= EXTRACTED ENTRIES =
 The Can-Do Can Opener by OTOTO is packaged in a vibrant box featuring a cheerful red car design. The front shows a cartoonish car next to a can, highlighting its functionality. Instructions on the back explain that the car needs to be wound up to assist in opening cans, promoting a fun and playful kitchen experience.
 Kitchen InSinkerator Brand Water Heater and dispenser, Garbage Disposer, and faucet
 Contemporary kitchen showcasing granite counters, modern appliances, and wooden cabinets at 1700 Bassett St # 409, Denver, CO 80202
---
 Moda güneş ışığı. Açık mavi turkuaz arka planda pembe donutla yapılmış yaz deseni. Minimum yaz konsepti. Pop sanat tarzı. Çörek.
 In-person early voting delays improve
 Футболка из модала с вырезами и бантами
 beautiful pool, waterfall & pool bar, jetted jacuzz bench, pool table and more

= GOAL OF THE EXERCISE =
Each line above from the one with "The Can-Do Can" up to and including the one with "Contemporary kitchen showcasing" must be set down exactly, and no line outside that span may appear.

= ANSWER SPACE =
 The Can-Do Can Opener by OTOTO is packaged in a vibrant box featuring a cheerful red car design. The front shows a cartoonish car next to a can, highlighting its functionality. Instructions on the back explain that the car needs to be wound up to assist in opening cans, promoting a fun and playful kitchen experience.
 Kitchen InSinkerator Brand Water Heater and dispenser, Garbage Disposer, and faucet
 Contemporary kitchen showcasing granite counters, modern appliances, and wooden cabinets at 1700 Bassett St # 409, Denver, CO 80202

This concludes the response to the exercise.